Outdoor Advent Day 20

A view of the stream from a bank set on a sharp bend, so it looks as if the photographer is standing in the water to take the shot. The water is dark and muddied, the reflections of the woods surrounding it partial and shaken with the ripples in the water. The banks are a tangle of greenery, the trees bear moss and ivy rather than leaves. In the distance is just possible to pick out the bridge crossing the stream.

The things we want are transformative, and we don’t know or only think we know what is on the other side of that transformation. Love, wisdom, grace, inspiration – how do you go about finding these things that are in some ways about extending the boundaries of the self into unknown territory, about becoming someone else?
Certainly for artists of all stripes, the unknown, the idea or the form or the tale that has not yet arrived, is what must be found. It is the job of artists to open doors and invite in prophecies, the unknown, the unfamiliar, it’s where their work comes from, although its arrival signals the beginning of the long disciplined process of making it their own. Scientists too, as J. Robert Oppenheimer once remarked, “live always at the ‘edge of mystery’ – the boundary of the unknown.” But they transform the unknown into the known, haul it in like fishermen; artists get you out into that dark sea.

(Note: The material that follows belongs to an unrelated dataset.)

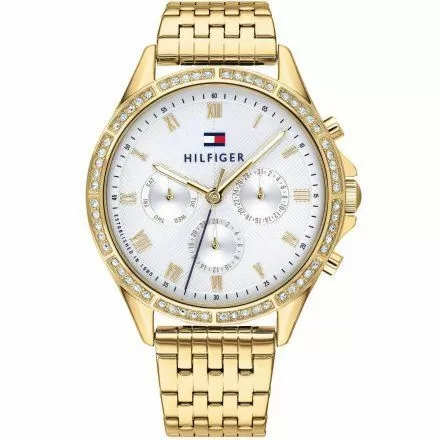1782142 Zegarek Damski Tommy Hilfiger Ari TH1782142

– page 4, A Field Guide To Getting Lost by Rebecca Solnit

A lot of my writing focuses on edges and boundaries. I like to work in the liminal spaces where one thing is almost another and certainly not entirely what it seems at first glance. Anything that marks a transition of some sort is liminal; doorways, hedges, walls, crossroads, rivers, lakes, mountains, roads, birthdays, weddings, New Year’s Eve…. They are not places to dwell in but places to move through and they are state changing, whether that change is perceptible to the naked eye or not.

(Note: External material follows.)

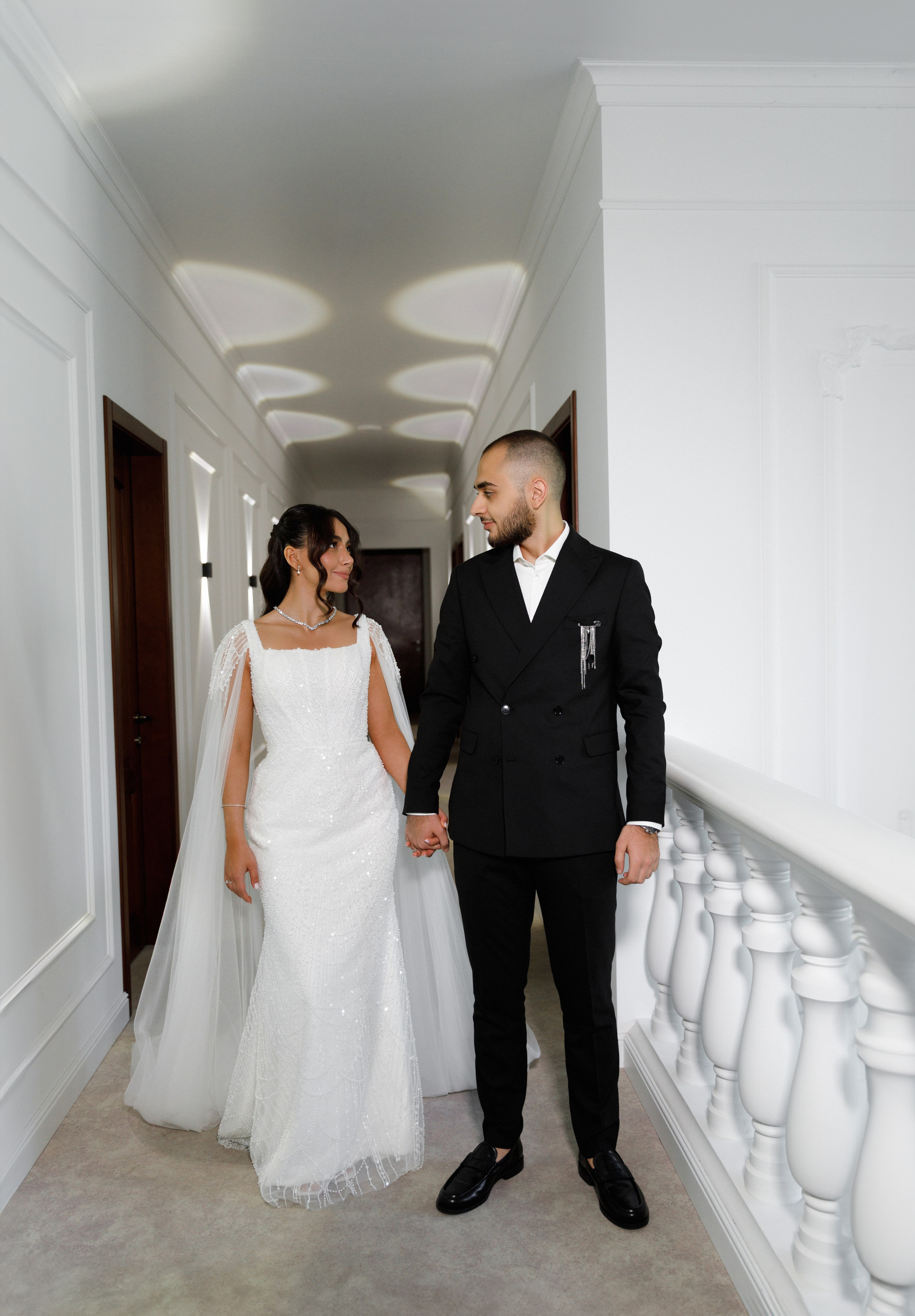 Аяз Джахан. Весільний та сімейний фотограф у Харкові Ткаченко Світлана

A lot of folktales tell you what happens when you step off the path, or walk through the doorway, or cross the water; you often end up in a place quite different to the one you thought you were in. You stepped off the path and into the fairy realm, you walked through the doorway and found yourself in the underworld, you crossed the water and found yourself in Avalon. Often the wanderer, unaware of what they have done, commits some faux pas or crime in this new world that puts them into the power of whomsoever rules that place. They only get to return home once they have paid for their transgression in full or if someone else comes to their aid.

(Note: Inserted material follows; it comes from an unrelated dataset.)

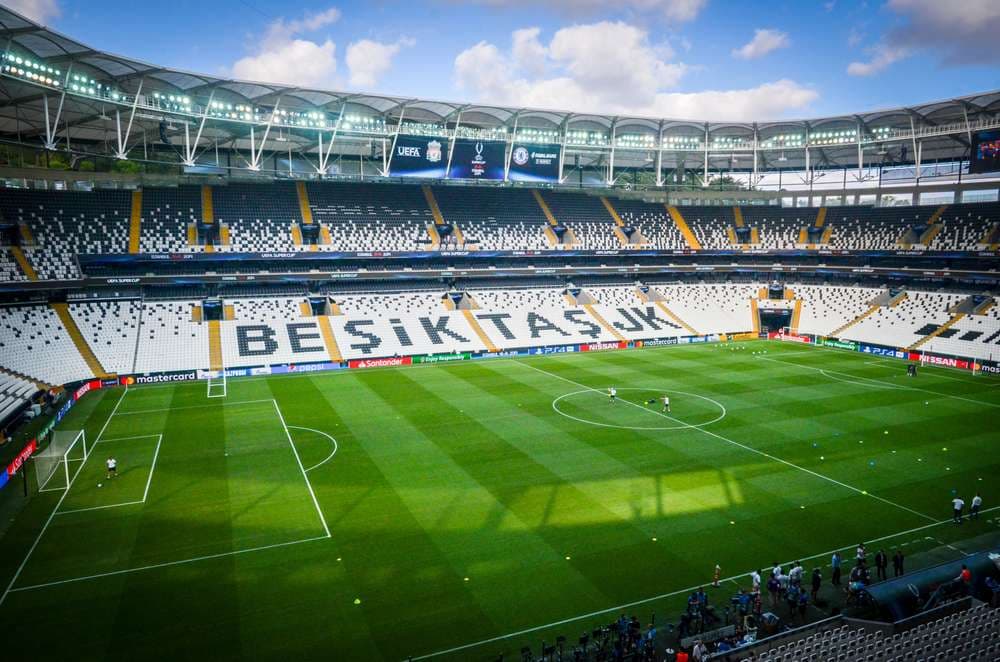 Beşiktaş Cuts Losses, Signals Fiscal Resilience in Turkish Sports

For me the most powerful and yet uncomfortable of the liminal spaces are those that do not, without human belief, exist at all. All that they are is vested in them by us, not the world itself. We draw the property, county and country borders onto the maps, we decide that this bit belongs to this person, this to another, and then create penalties for those who cross them without the proper consent; liminality born of a social construct.

When I look at country borders I see them mapped in blood. Just how many millions of lives have been lost in the claiming or defence of what amounts to, in the life of the universe, a line drawn fleetingly on the face of nature because someone wants ‘dibs’ on a particular resource? What is it about us as a species that makes us so desperate to delineate “ours” from “others” and, so often, then decide that “others” should really be “ours”?

I don’t have any answers to those questions, not really. I just have a myriad of stories, each of which hangs on some small thought about edges, boundaries and divisions, each exploring just one tiny part of this complex whole. I’m telling them to myself in the hope that if I keep creating them I might find a sensible, coherent way of talking about them effectively with others.

And I continue to wonder if it will work.